The present work focuses on developing a multi-agent rollout mechanism for allocating the available computing and storage resources in the various layers of an edge-cloud infrastructure to fulfill the diverse computing, storage, and latency constraints of the incoming workloads from cloud-native applications. The proposed mechanisms, offline in nature, can seamlessly leverage infrastructure telemetry mechanisms to enable a periodic reevaluation and adjustment of resource allocation strategies in anticipation of the expected workloads. By integrating this dynamic data, our algorithms can adapt to changing application needs in a reinforcement learning manner to ensure efficient resource utilization even in evolving operational contexts. We aim to jointly optimize a weighted combination of the average delay (per application) and the average cost of service while ensuring that the delay between dependent microservices and the available resources on the infrastructure nodes meets the requirements specified by the applications.

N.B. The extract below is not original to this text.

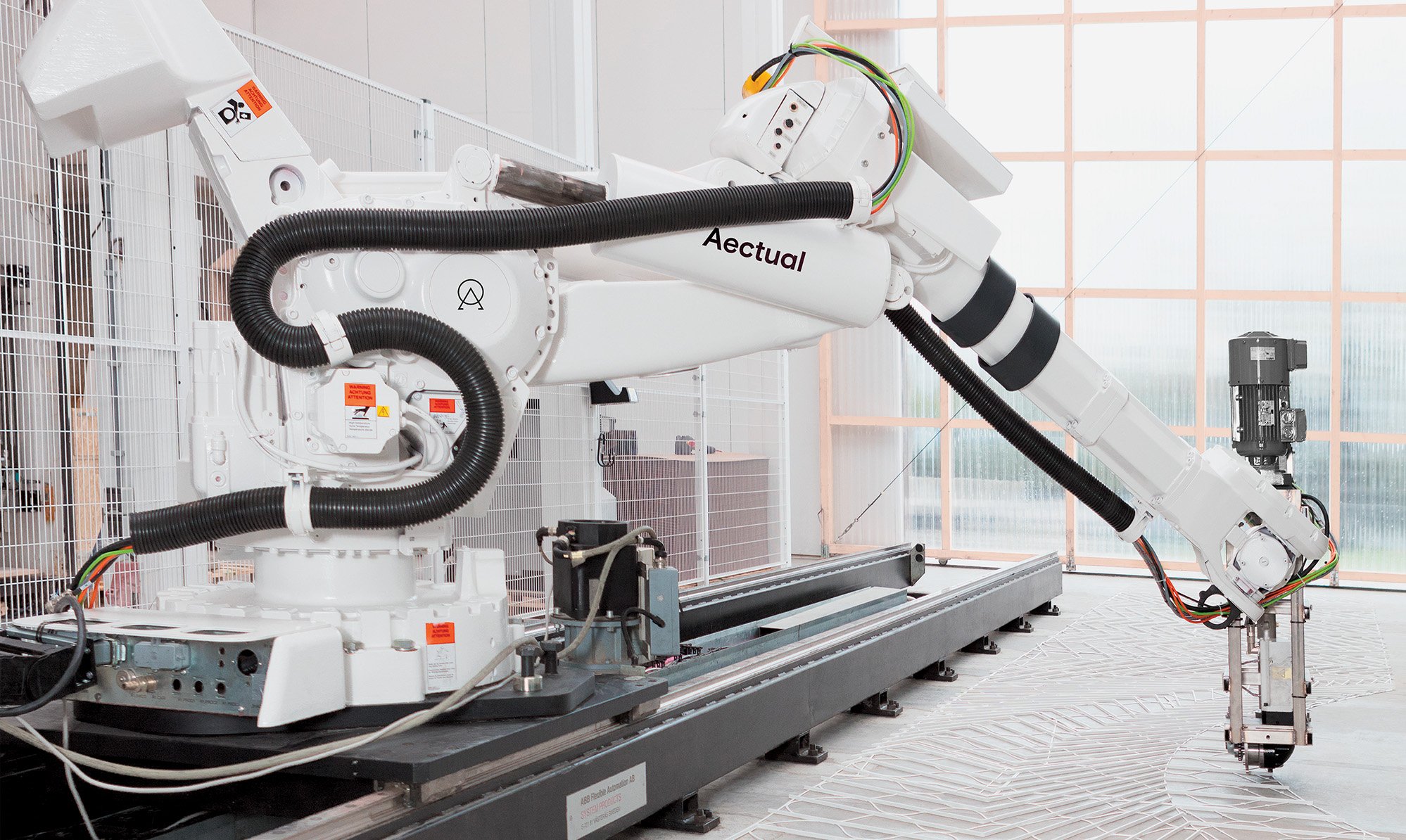 A robot machine printing a surface in white material.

We first provide the Mixed Integer Linear Programming (MILP) model of the problem that is able to track the optimal solution. Recognizing the potentially prohibitive execution time for real-sized scenarios, we then introduce a greedy best-fit heuristic that achieves a considerably lower execution time. A multi-agent rollout mechanism is also proposed to exploit further the trade-off between execution time and performance. This reinforcement learning mechanism assesses the cost of immediate and future decisions during the resource allocation process in order to decide for a given allocation. The estimation of the future cost is based on the greedy heuristic, and it simulates the decisions that will be made by the agents. Our evaluation, conducted through extensive simulations leveraging publically available traces of cloud providers, across a variety of scenarios, showcases the effectiveness of the proposed solutions in delivering timely decisions, adeptly balancing execution time and performance.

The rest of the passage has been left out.